Code that identifies majors that contain either “DATA” or “STATISTICS” from [Five Thirty Eight] (https://fivethirtyeight.com/features/the-economic-guide-to-picking-a-college-major/).
library(rvest)
library(xml2)
library(tidyverse)
# Get URL of College Majors list
site <- "https://projects.fivethirtyeight.com/mid-levels/college-majors/index.html?v=3"
majors_list <- read_html(site)
# Scrape all data from the website
majors_df <- majors_list %>%
html_nodes(xpath = '//*[@id="example"]') %>%
html_table(fill = TRUE)
# Scrapped data is in the form of a list.

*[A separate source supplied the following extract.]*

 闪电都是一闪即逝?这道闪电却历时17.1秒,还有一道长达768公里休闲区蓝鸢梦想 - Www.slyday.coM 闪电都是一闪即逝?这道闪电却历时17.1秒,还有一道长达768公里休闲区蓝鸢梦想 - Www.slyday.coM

# Convert list to data frame and save the majors column only to its own data frame
majors_df <- as.data.frame(majors_df)
mj <- majors_df$MAJOR
# look for majors with statistics in name
major.stats <- str_view(mj, regex("statistics", ignore_case = TRUE), match = TRUE)
# look for majors with data in the name
major.data <- str_view(mj, regex("data", ignore_case = TRUE), match = TRUE)
# Display all majors with Statistics in the name
major.stats
# Display all majors with Data in the name
major.data
Data transformation
library(RCurl)
library(dplyr)
# get fruit list from Github
x <- getURL("https://raw.githubusercontent.com/ltcancel/Homework3_Data607_F20/master/fruit.txt")
fruit <- read.delim(text = x, header = FALSE, sep = '"')
fruit
## V1 V2 V3 V4 V5 V6 V7 V8 V9
## 1 [1] bell pepper NA bilberry NA blackberry NA blood orange NA
## 2 [5] blueberry NA cantaloupe NA chili pepper NA cloudberry NA
## 3 [9] elderberry NA lime NA lychee NA mulberry NA
## 4 [13] olive NA salal berry NA NA NA
# filter to only include columns with values
fruit.clean <- fruit %>%
select(2,4,6,8)
fruit.clean
## V2 V4 V6 V8
## 1 bell pepper bilberry blackberry blood orange
## 2 blueberry cantaloupe chili pepper cloudberry
## 3 elderberry lime lychee mulberry
## 4 olive salal berry
# loop through data frame to create final string
for (x in 1:nrow(fruit.clean)){
for (y in 1:ncol(fruit.clean)){
if (x == 1 && y == 1){
final.string <- c("c(",fruit.clean[x,y])
}
else if (x == nrow(fruit.clean) && y == ncol(fruit.clean)){
final.string <- paste0(final.string,")")
}
else{
final.string <- paste0(final.string,",",fruit.clean[x,y])
}
}
}
# Display new string
final.string
## [1] "c(,bilberry,blackberry,blood orange,blueberry,cantaloupe,chili pepper,cloudberry,elderberry,lime,lychee,mulberry,olive,salal berry,)"
## [2] "1,bilberry,blackberry,blood orange,blueberry,cantaloupe,chili pepper,cloudberry,elderberry,lime,lychee,mulberry,olive,salal berry,)"
Describe, in words, what these expressions will match:
Construct regular expressions to match words that:
Start and end with the same character.
str_view(c("dad","apple","eye"),"^(.).*\\1$")
Contain a repeated pair of letters (e.g. “church” contains “ch” repeated twice.)
str_view(c("church","house","pressure"),"(..).*\\1", match = TRUE)
Contain one letter repeated in at least three places (e.g. “eleven” contains three “e”s.)
str_view(c("eleven","six","between"),"(.).*\\1.*\\1")